I'm not sure. If so, then e.g. [imath] g'_{12}=5 [/imath] at all points of the manifold. But then, [imath] Dg'=0 [/imath] and also [imath] Dg=0. [/imath] With that, we get [imath] (\nabla_X +\nabla'_X)(Dg+Dg')=0 [/imath] and [imath] \nabla+\nabla' [/imath] is indeed the Levi-Civita connection of [imath] g+g' [/imath] because everything on the right becomes zero.

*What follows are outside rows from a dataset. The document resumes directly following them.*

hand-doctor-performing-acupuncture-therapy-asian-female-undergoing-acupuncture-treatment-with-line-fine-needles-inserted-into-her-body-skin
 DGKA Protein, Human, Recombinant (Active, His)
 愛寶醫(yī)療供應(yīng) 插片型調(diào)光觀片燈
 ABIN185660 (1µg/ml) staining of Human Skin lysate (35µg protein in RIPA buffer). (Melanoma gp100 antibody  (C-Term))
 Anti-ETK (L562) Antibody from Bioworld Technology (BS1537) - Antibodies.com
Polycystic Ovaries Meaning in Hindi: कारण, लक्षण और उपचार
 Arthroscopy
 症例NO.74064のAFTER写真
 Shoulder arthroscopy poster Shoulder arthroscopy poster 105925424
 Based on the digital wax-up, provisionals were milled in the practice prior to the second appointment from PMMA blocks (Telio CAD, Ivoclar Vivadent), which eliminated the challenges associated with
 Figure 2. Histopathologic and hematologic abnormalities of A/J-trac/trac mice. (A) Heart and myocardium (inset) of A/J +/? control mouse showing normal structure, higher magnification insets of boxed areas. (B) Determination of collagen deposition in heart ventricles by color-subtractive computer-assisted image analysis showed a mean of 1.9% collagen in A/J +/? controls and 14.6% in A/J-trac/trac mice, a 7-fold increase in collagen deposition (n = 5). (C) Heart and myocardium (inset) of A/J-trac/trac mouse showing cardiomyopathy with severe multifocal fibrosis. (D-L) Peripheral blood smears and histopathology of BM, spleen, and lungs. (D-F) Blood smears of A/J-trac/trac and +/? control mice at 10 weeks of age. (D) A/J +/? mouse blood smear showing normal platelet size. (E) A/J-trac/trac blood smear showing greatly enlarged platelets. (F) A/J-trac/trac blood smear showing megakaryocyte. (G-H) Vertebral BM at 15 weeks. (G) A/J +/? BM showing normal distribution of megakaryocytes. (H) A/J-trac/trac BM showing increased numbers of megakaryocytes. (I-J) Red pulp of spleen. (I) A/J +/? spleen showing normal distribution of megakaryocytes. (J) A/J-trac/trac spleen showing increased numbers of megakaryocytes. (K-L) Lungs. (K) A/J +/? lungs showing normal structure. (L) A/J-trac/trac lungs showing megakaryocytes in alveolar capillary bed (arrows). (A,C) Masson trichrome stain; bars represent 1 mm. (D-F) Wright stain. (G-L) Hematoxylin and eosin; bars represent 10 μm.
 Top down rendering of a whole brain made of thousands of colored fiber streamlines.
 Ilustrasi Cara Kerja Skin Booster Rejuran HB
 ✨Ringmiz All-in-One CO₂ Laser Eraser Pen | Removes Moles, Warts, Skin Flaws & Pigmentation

However, that the metrics would be independent of the location has to be proven. Consider the example of [imath] G [/imath] again and e.g.
[math] p=\begin{pmatrix} e^{t_p}&c_p\\0& e^{-t_p}\end{pmatrix} \in G .[/math] What are two (linearly independent) tangent vectors [imath] X_p,Y_p [/imath] at [imath] p [/imath] for which we can compute [imath] g'(p)(X_p,Y_p) [/imath]? Everything is fine at the identity matrix, but what happens elsewhere? I'm not sure whether the left-invariance of the vector fields already solves these issues. What we have is that
[math] X_p=(DL_p)X_e [/math] with [imath] L_p(q)=pq\in G [/imath] and [imath] X_e [/imath] is a tangent vector at [imath] e= \begin{pmatrix} 1&0\\0&1 \end{pmatrix}[/imath] so we need to know the derivative of the left-multiplication [imath] L_p [/imath] to compute [imath] X_p. [/imath] This formula must hold for [imath] X_p [/imath] so it can be used to check whether there were mistakes in case we compute them with paths through [imath] p. [/imath]

It is a bit messy and I don't want to say something wrong. That's why I would compute the examples. If both metrics are constant everywhere, then the question becomes trivial and the answer is yes.

By the left-invariance of the vector fields, we get
[math] g'(p)(X_p,Y_p)=g'(p)((DL_p)X_e,(DL_p)Y_e)=g'(p)((DL_p)\partial_t,(DL_p)\partial_c) [/math]but what's next? This is probably when people started to think about connections! How can we compare tangent vectors at two different locations, [imath] e [/imath] and [imath] p [/imath]?